• _Task statement_
Among the entries below, find the line with "Altdeutsche Münzen und", then quote it and each following line up to and including the line with "Speciestaler 1812 L. vorzüglich/Stempelglanz", and nothing else.

• _Data extracts_

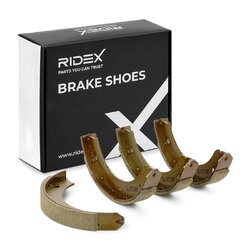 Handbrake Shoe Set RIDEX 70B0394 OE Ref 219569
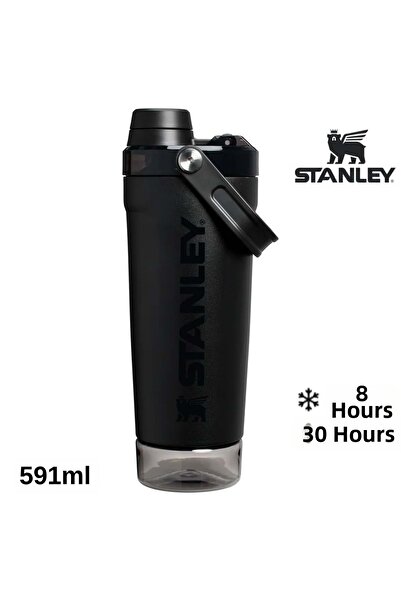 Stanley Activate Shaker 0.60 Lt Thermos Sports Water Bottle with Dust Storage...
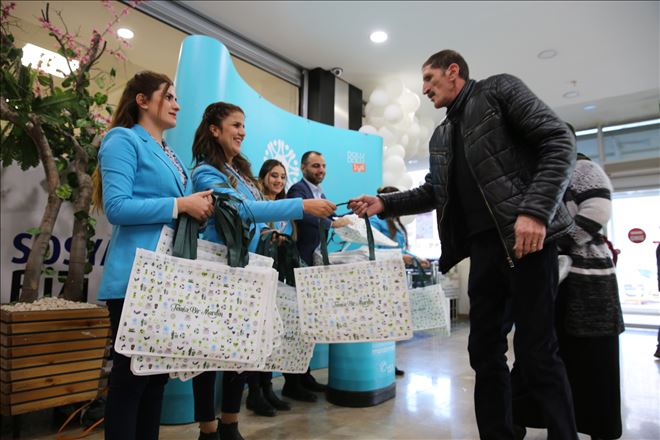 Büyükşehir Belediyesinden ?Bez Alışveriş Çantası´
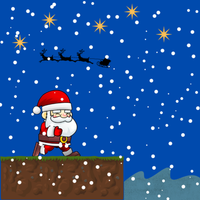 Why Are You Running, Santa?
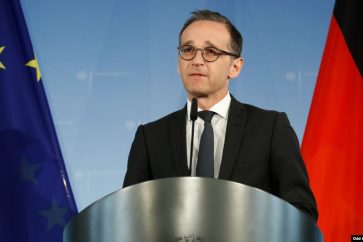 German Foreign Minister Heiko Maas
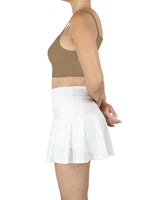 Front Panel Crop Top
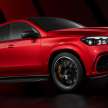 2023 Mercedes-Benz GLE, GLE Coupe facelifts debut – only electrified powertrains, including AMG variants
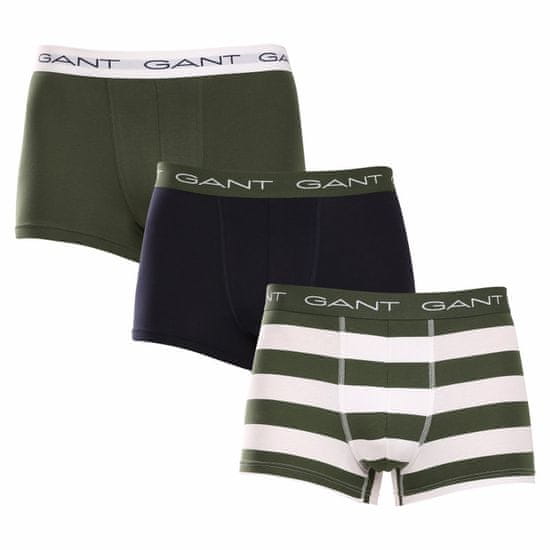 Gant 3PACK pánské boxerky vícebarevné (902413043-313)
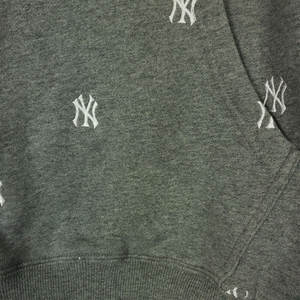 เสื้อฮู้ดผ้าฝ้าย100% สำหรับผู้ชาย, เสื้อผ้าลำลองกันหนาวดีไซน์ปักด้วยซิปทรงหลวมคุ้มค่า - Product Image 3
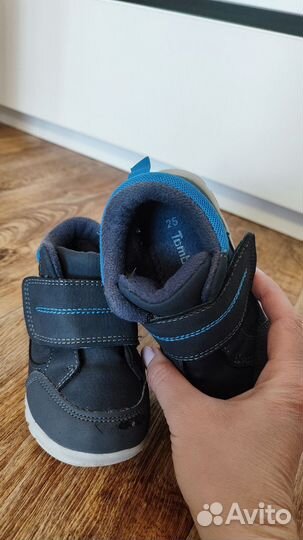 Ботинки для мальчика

==

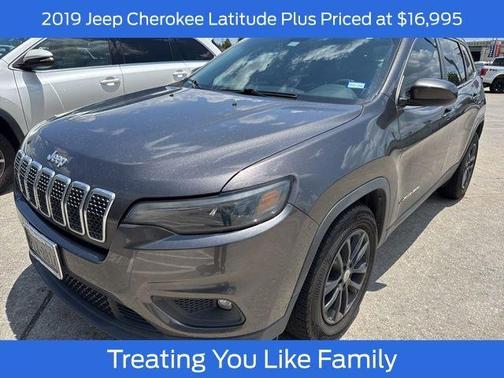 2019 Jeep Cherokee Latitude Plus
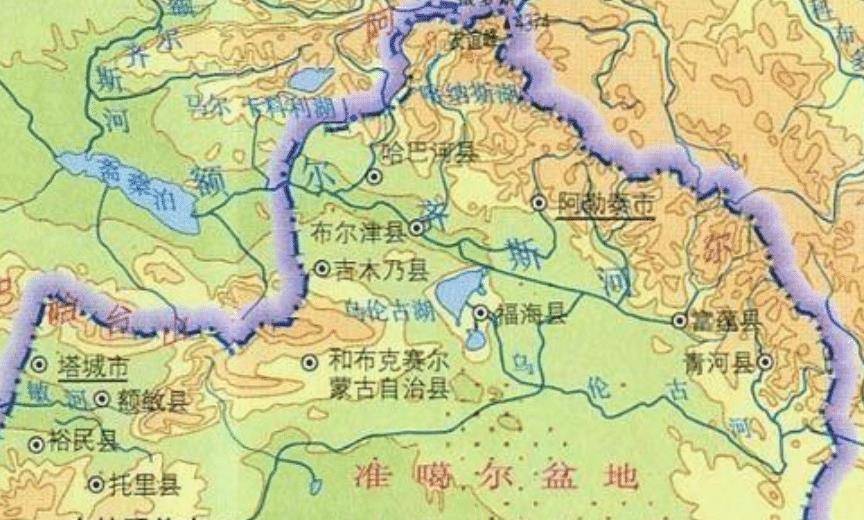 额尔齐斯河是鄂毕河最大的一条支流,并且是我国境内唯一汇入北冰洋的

...

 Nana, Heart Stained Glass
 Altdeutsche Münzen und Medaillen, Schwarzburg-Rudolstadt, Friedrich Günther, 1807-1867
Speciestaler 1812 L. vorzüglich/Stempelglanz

• _Solution_
 Altdeutsche Münzen und Medaillen, Schwarzburg-Rudolstadt, Friedrich Günther, 1807-1867
Speciestaler 1812 L. vorzüglich/Stempelglanz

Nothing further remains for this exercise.